# Homework Help: Integration of Rational Functions by Partial Fractions

1. Aug 25, 2008

### afcwestwarrior

1. The problem statement, all variables and given/known data

∫ 10/(x-1)(x^2+9)

would i change this into 10/ (x-1) (x+3) (x+3)

then= A/ x-1 + B/ X+3 + C/ x+3

2. Aug 25, 2008

### snipez90

You have a sum of squares. (x^2 + 9) =/= (x+3)(x+3) = x^2 +6x + 9.

3. Aug 25, 2008

### afcwestwarrior

woops.

4. Aug 25, 2008

### afcwestwarrior

do i just leave it like that x^2+9

5. Aug 25, 2008

### afcwestwarrior

this one is strange

6. Aug 25, 2008

### afcwestwarrior

yea or nah

7. Aug 25, 2008

### salman213

if you have a second power the partial fraction you use is Bx+C/D

for ex.

a/(Ax+B)(Cx^2+D)

if (Cx^2+D) cannot be factored then your partial fraction would be

a/(Ax+B)(Cx^2+D) = E/(Ax+B) + Fx+G/(Cx^2+D)

where, a,A,B,C,D,E,F,G are all constants

8. Aug 25, 2008

### salman213

how does 3x(1/3x +3) = (x^2+9)?

it = (x^2 + 9x)

9. Aug 25, 2008

### afcwestwarrior

Oright I'll use your technique.
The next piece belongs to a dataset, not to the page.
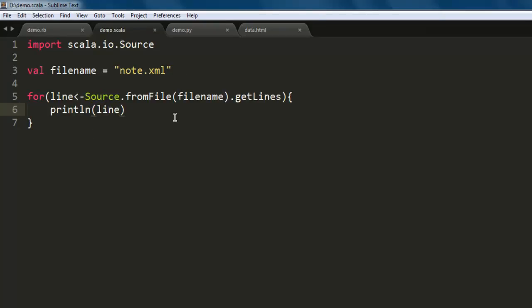If you have any DOM-specific manipulation to do or process, then in such a case this code will be different. When you just want to print out the content within an XML file, then this is the code you can try.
Thanks man.

10. Aug 25, 2008

### afcwestwarrior

So it would be A/x-1 + Bx+C/ x^2+9

11. Aug 25, 2008

### salman213

correct

12. Aug 25, 2008

### afcwestwarrior

ok here's what i did 10= A(x^2+9) + (Bx+C) (x-1)

10= Ax^2 + 9A + Bx^2- Bx + Cx -C
10= (A+B) x^2 + (9A-C) -(B+C)x
ok so A+B=0, 9A-C = 10, B+C =0

is that correct

13. Aug 25, 2008

### salman213

be careful

10= Ax^2 + 9A + Bx^2- Bx + Cx -C

you have

10= (A+B) x^2 + (9A-C) -(B+C)x = (A+B) x^2 + (9A-C) -Bx-Cx = remember that negative is distributive.

14. Aug 25, 2008

### afcwestwarrior

Ok this is where I need help. Bx+Cx,

15. Aug 25, 2008

### salman213

ok i have to go to sleep now lol, hopefully PF wont kill me for telling its easy enough..:(

Just make it (C-B)x

then solve

ur equations are right A+B=0, 9A-C = 10, B+C =0 but the last one should be changed i think you now..

16. Aug 25, 2008

### afcwestwarrior

oh ok, so would it be (B-C)x

17. Aug 25, 2008

### afcwestwarrior

Thanks a lot man.

18. Aug 25, 2008

### salman213

oh shoot another thing, by the looks of it not that im to judge but u I THINK you may need help later in the actual integration so i will give u the formula,

you will need EVENTUALLY need to integrate

A/x^2+B^2
=
(1/a)tan-1(x/a)

just do the integration and you will see one place u will be like how do i integrate

-1/x^2+9
then use the above formula

ok going now, hopefully someone else will help if u get stuck integrating

19. Aug 25, 2008

### afcwestwarrior

I was wondering how the answer in the back of the book had that. Thanks.

20. Aug 25, 2008

### afcwestwarrior

so A=1, C=-1, and B=1

21. Aug 25, 2008

### afcwestwarrior

ok I'm stuck now. I know it would be ∫1/ (x-1) + ????/ x^2+9

22. Aug 25, 2008

### afcwestwarrior

is this correct ∫1/ (x-1) + ∫ x-1/ x^2+9 = ∫1/ (x-1) +∫ x/x^2+9 - ∫1/ x^2 +9

23. Aug 26, 2008

### HallsofIvy

No, it's (C- B) x. Salman213 already told you that.